Though still the uncontested military power, the United States will reluctantly have to share this role with China over the next several decades as the balance of power shifts from West to East.
Just how long will China continue to absorb U.S. funding requirements is hard to predict. But in a blog last week I quoted retired Hall of Fame hedge fund manager, Julian Robertson, Jr., warning that such a scenario is a growing possibility because of the weak dollar and skyrocketing deficits. Robertson is shorting U.S. Treasury bonds, betting bond prices will decline sharply.
Yu Yongding, a former adviser to the Chinese central bank, the People's Bank of China, expressed concerns to journalists in September 2008 that China was growing increasingly cautious about purchasing more U.S. Treasury debt. In March 2009, Chinese Premier Wen Jiabao lent his voice to warn the United States that China's appetite to buy Treasury debt was not unlimited.
"We have lent a huge amount of money to the United States, so of course we are concerned about the safety of our assets," Wen Jiabao stated at a press conference in Biejing last spring.. "Frankly speaking, I do have some worries."
In an October 13 op-ed in The Wall Street Journal, author Zachary Karabell ("Superfusion: How China and America Became One Economy and Why the World's Prosperity Depends On It," Simon & Shuster) makes a strong case why government deficits matter and how the United States is a sinking economic ship as it increasingly relies on China to obtain ongoing credit financing.
China owns about a one-third of all outstanding U.S. Treasury bonds more than any other nation. Approximately 80% of its total foreign exchange reserves (now $2.2 trillion dollars) are denominated in U.S. dollars. By all measures, the Chinese are fenced in, loaded with dollars.
Mr.

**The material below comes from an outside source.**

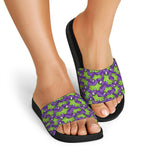 Zombie Foot Pattern Print Black Slide Sandals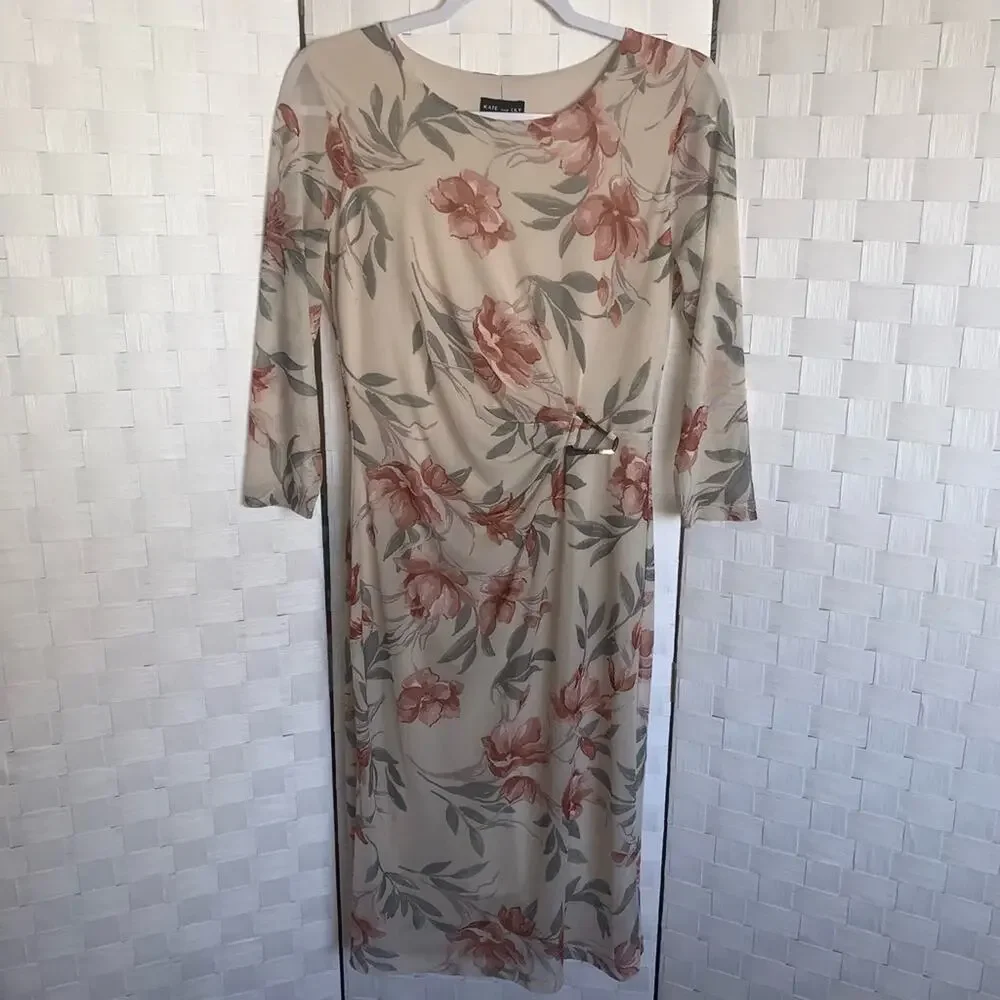 Kate And Lily Floral Midi Stretchy Mesh Overlay Sheath Dress Women’s Size 6 - Picture 3 of 9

Karabell's historical illustration below is probably what lies ahead for the United States as its economic and military clout diminishes in the face of relentless deficits and overstretched military commitments:
"In spite of its global empire, a powerful military, and an enviable position at the center of worldwide commerce, in early 1946 the British government faced a serious risk of defaulting on its financial obligations
It asked the United States for a loan of $5 billion dollars at zero-interest repayable over 50 years
To the surprise and shock of the British, Washington refused.
Unable to take no for an answer, Britain explained that unless it received funds the government would be insolvent. The Americans came back with a series of conditions. They would lend Britain $3.7 billion dollars at 2% interest and the British government would have to abide by the 1944 Bretton Woods plan, which made the dollar rather than the pound sterling the reference point for global exchange rates and required Britain to make the pound freely convertible. Even more significantly, Britain had to end its system of imperial preferences, which meant no more tariffs and duties on goods to and from colonies such as India. These were not mere financial penalties: Taken together, they meant the end of the British Empire."
I've got to believe the Chinese are quietly selling dollars and accumulating gold every time there's a big seller. The Chinese can't be openly bullish about gold; so the best strategy is to gradually dilute its vast holdings of Treasury securities (and dollars) in favor of gold and other currencies, which by default, might offer better values than the dollar but are debt-plagued just the same. China is also the world's largest gold-producing nation since 2007.
A violent economic rupture is inevitable. The global balance of power is changing and that shift from West to East this century won't be peaceful.